Amei também, de corpo e alma

De peito aberto.

Encontrei jugos desumanos

Prisão e mágoas sem consertos.

Agora sou órfão de amor novamente

E por isso implodo de sentimentos

Que fervilham em mim

Sou 8 ou 80

Sou intenso.

Por um momento na janela

Esqueço-me do meu jardim esquecido

Da primavera que não floreia na minha escuridão

Da lua que chora em trevas de nuvens escuras.

Me sinto tão refém deste mundo!

Queria voar junto do vento

Quem sabe encontraria a solução para estes pensamentos?

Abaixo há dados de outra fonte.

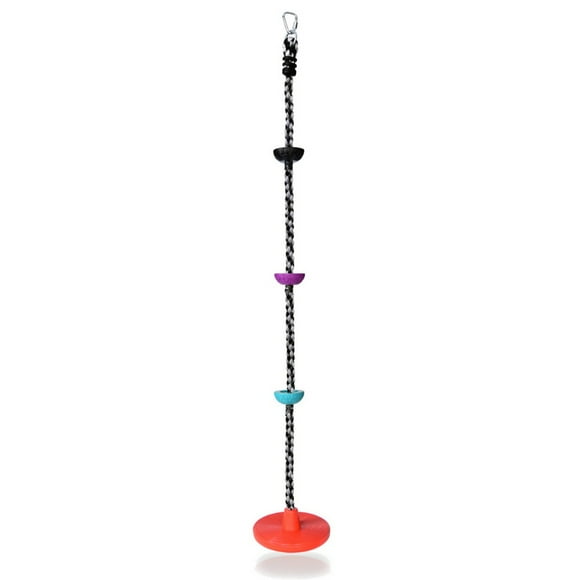 Cuerda para Trepar con Columpio Climbing Rope Swing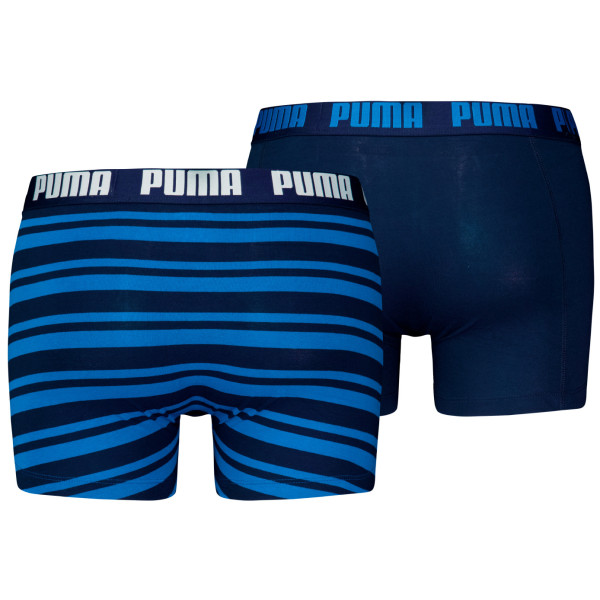 Чоловічі боксери Puma Everyday Striped Boxers 2P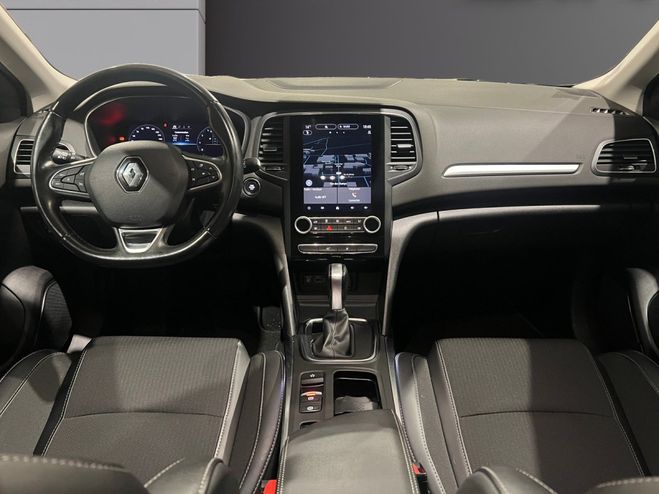Renault Megane TCE Business Intens 140Ch Gris Clair de 2021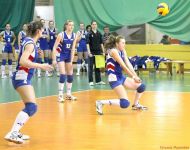 спортивная школа волейбола для подростков - СДЮСШОР №65 “Ника”
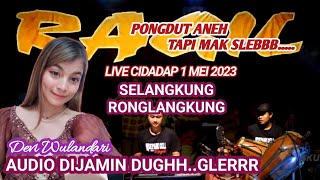 Download lagu SELANGKUNG RONGLANGKUNG - DEV I- KENDANG RAMPAK - RAGIL PONGDUT mp3
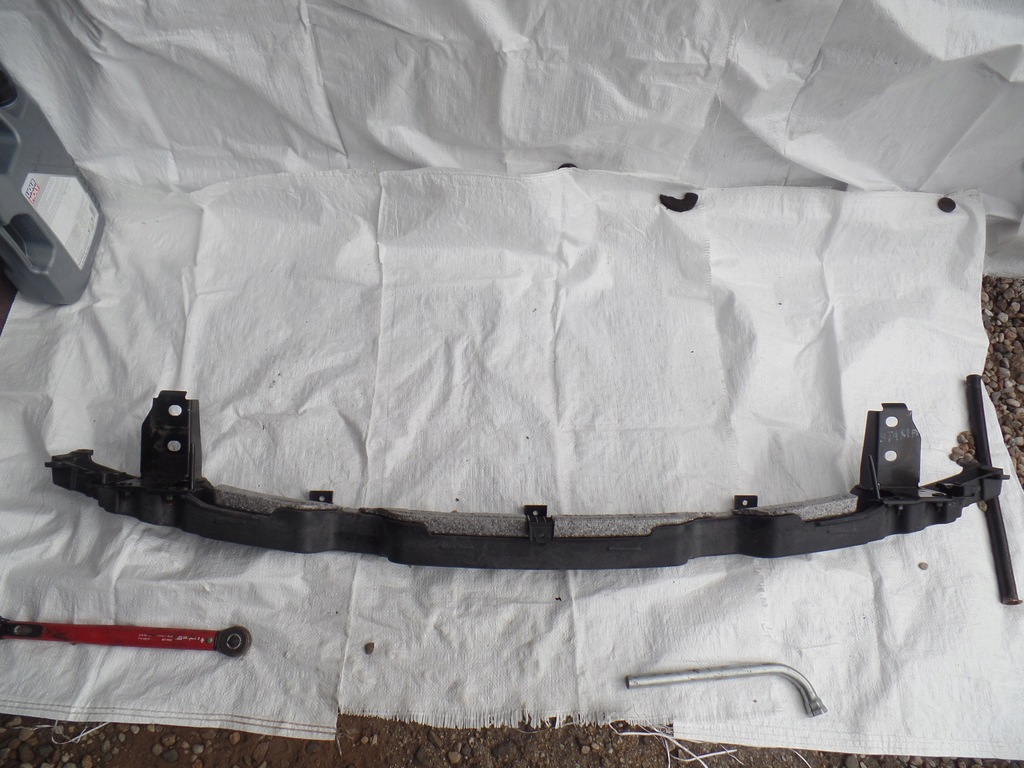 фото №1, Балка бампер задня hyundai staria 86631-cg000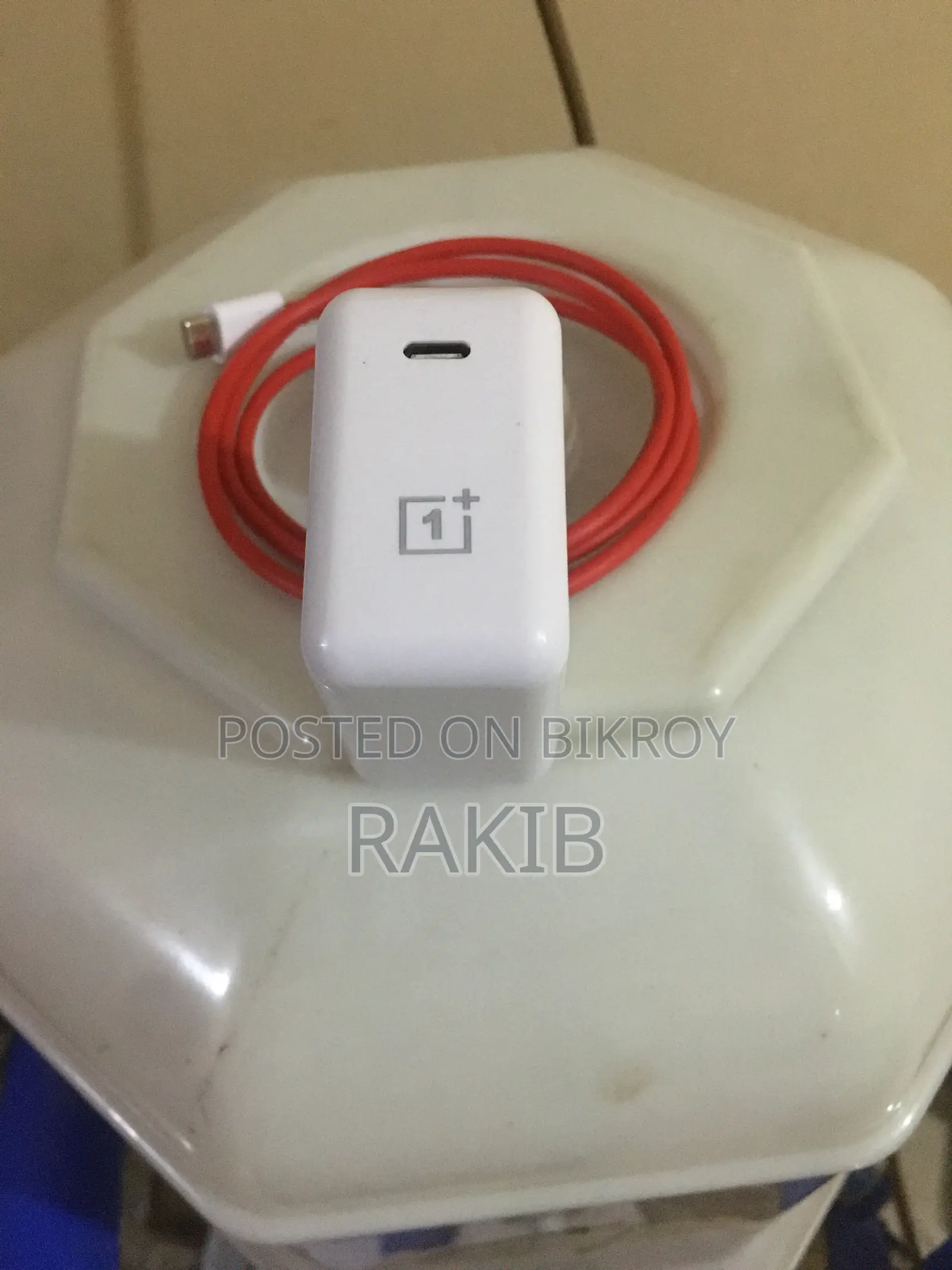 65W Super Charge for One+ Any Device Supporter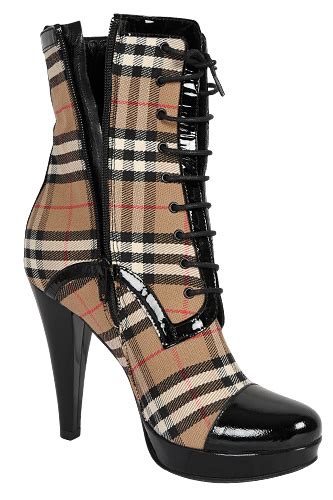 burberry pumps blau|burberry heels high heel boots.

Voando por céus azuis e cinzentos

Conheceria as dores e os gozos de cada momento?

Mas a dor da consciência

Me esfaqueia

E me toma por dentro

Eu não posso desistir agora,

Mas eu estou caído

Sem anjos ao meu redor

Sem o carinho de quem amei

E me agacho de dor

Como um caracol imerso em seu sofrimento.

Ó Deusa do Amor!

Não vês que estou padecendo?

Existe fim ou cura para tudo isso?

Ou essa dor não passa de um delírio

De um poeta se esvaindo?

Estou cansado de vagar por dentro de mim

Procurando o que nunca tive

O que nunca encontrei

O que de certo, talvez,

Nunca terei.

Enquanto as pétalas caem em desalento

Minha rosa branca de esperança se avermelha

E como ela, eu me ajoelho

E imploro:

Ó Deus, por que demoras?

Por toda a minha vida

Eu só quis me sentir seguro

Em um mundo real

Em um chão com muros de concreto.

Eu só peço que me protejas de mim mesmo

Eu já não sei o que me tornei nem o que sou

Por isso desça, por favor!

Eu estou caindo em tentação

Eu estou sendo levado por minhas sombras

Que me amam desde pequeno

Então não demores,

E me sopre fôlego real de vida

E limpe minha mente

De todos estes sombrios pensamentos.

Pois desde que abri os olhos,

Tenho me sentido rejeitado

Esquisito e solitário.

Eu não sou nem a metade do que desejo

Nem a metade do que sonhei

Nem a sombra dos meus sonhos.

Eu sou o seu filho mais vazio e incompleto.